時事随想抄

歴史家の視点から国際情勢・時事問題などについて語るブログ

慰安婦問題は仕切り直しを

 明日、岸田外相は、韓国の首都ソウルにおいて日韓外相会談に臨みます。しかしながら、両国の外相による”政治的妥協”が、この種の歴史問題に対する適切な解決方法とは思えません。

 日本国政府に対して、韓国側は、慰安婦問題に対する法的責任を認めるよう迫っているとも報じられております。法的責任を求める韓国側の姿勢には、補償に関する法的根拠を獲得しようとする思惑が透けて見えますが、日本側は、蒸し返しを封じることで対処しようとしているようです。何れにしましても、この問題において、何が狂っているのかと申しまと、やはり、両国政府とも、事実確認の作業さえ蔑にしていることです。
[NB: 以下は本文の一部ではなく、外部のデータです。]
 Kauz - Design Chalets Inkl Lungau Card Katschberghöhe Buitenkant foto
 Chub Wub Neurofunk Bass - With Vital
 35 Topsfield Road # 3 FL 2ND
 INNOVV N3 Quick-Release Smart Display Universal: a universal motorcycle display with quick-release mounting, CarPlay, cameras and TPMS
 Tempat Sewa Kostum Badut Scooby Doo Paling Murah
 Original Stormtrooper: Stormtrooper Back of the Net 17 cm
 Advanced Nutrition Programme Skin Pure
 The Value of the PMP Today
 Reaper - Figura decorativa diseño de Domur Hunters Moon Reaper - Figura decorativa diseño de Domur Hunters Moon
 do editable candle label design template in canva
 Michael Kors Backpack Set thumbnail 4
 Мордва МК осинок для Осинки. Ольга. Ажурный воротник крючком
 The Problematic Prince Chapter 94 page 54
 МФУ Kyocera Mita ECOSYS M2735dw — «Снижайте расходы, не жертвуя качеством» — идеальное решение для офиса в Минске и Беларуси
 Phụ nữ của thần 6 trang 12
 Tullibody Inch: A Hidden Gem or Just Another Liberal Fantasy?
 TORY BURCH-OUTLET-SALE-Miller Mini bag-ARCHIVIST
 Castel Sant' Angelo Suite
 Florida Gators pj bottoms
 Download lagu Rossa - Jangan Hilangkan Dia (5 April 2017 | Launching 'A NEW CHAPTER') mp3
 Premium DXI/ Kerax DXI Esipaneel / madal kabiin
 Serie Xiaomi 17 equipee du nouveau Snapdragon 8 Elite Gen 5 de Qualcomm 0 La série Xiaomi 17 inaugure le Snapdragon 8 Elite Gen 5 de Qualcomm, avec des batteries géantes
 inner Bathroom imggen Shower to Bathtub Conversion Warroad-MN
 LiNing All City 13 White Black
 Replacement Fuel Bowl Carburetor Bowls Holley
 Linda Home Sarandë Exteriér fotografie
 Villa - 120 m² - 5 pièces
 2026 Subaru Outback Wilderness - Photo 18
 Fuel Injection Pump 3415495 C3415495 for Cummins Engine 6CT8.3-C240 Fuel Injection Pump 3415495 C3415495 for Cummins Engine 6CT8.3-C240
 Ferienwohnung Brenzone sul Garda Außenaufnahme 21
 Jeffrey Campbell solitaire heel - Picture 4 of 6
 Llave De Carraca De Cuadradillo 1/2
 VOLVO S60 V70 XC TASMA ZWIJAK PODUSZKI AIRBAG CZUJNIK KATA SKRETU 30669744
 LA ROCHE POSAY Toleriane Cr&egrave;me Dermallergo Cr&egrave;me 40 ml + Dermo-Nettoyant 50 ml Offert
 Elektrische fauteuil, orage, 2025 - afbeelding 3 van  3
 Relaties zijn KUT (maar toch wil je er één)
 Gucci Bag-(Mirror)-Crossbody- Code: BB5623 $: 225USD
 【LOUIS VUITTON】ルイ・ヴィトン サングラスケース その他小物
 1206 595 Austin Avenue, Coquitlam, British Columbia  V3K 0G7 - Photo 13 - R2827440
河野談話の作成時に収集された資料を見ても、強制連行を裏付ける証拠はなく、事業者による犯罪はあったとしても、むしろ、慰安婦が、当時、雇用契約に基づく合法的な職業であったことを示しています。にも拘らず、河野元官房長官は、韓国との間で政治的作文を作成し、あたかも、強制連行があったとするイメージを国際社会に振りまきました。この問題を蒸し返さないとする取引条件の下で…。韓国側が、この約束を破ったのですから、同時に、この時の政治的作文もご破算となるべきです。つまり、蒸し返された時点で、本来、この問題の仕切り直しをすべきであったのです。幸いにして、韓国は、上述したように法的責任を求めているのですから、これを好機として、日本国側は、司法手続きに解決方法を転換すべきです。日韓請求権協定の第3条が定める仲裁であれ、他の手段であれ、司法手続きともなれば、当然に事実関係が詳細に調査されます。

 司法解決が適切な方法であるとしますと、明日の外相会談は、決裂した方が望ましいこととなります。法の支配を貫くためにも、日本国政府は、間違っても後世に禍根を残すような安易な政治的妥協をしてはならないと思うのです。